法人税の国際的な最低税率導入にあたっては、各国との合意形成で積極的な役割を果たした。アメリカのイエレン財務長官が、最低税率の設定をG20に働きかけた際には、「この法人税に関する取り組みが世界的な税率引き下げ競争に終止符を打つことを期待している」と発言している[52]。
2021年5月に、気候変動対策のための共通の基準や規則を策定して加盟国と連携する「気候クラブ」の創設を提案した。ドイツがG7の議長国となる2022年の新年演説では「議長国として、G7を気候中立、公平な世界に向けた先駆者にする」と述べた[53]。

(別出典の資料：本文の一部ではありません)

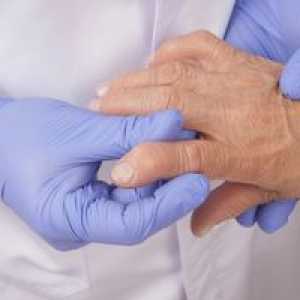 Čo je ochorenie artritída a ako ju liečiť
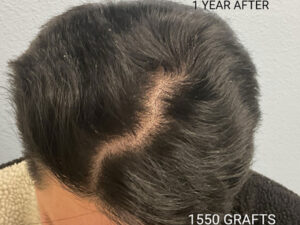 Hair Transplant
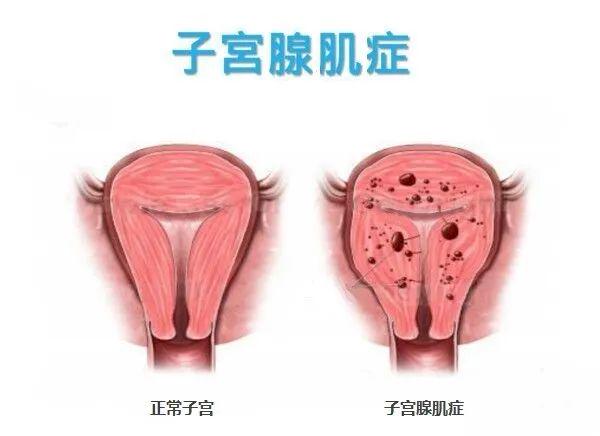 科技之光照亮女性健康之路，子宫腺肌症最新治疗方法探索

かつてのニックネームは「ショルツォマット」。ショルツ(Scholz)と、ドイツ語で「自動販売機」「機械」などを意味する「automat(オートマータ)」の合成語、これは同国のメディアが命名した、感情を排した官僚的なスピーチなどを揶揄した表現である。海外の一部メディアには「退屈な人物」などと評されている[54]。
趣味はジョギング。2023年9月2日にはジョギング中に転倒し顔を打撲。3日に予定していたヘッセン州での選挙応援などの活動は全て中止した[55]。4日に眼帯を付けている写真をX(旧Twitter)に投稿し、「ミームを見るのが楽しみだ」などと記した[56]。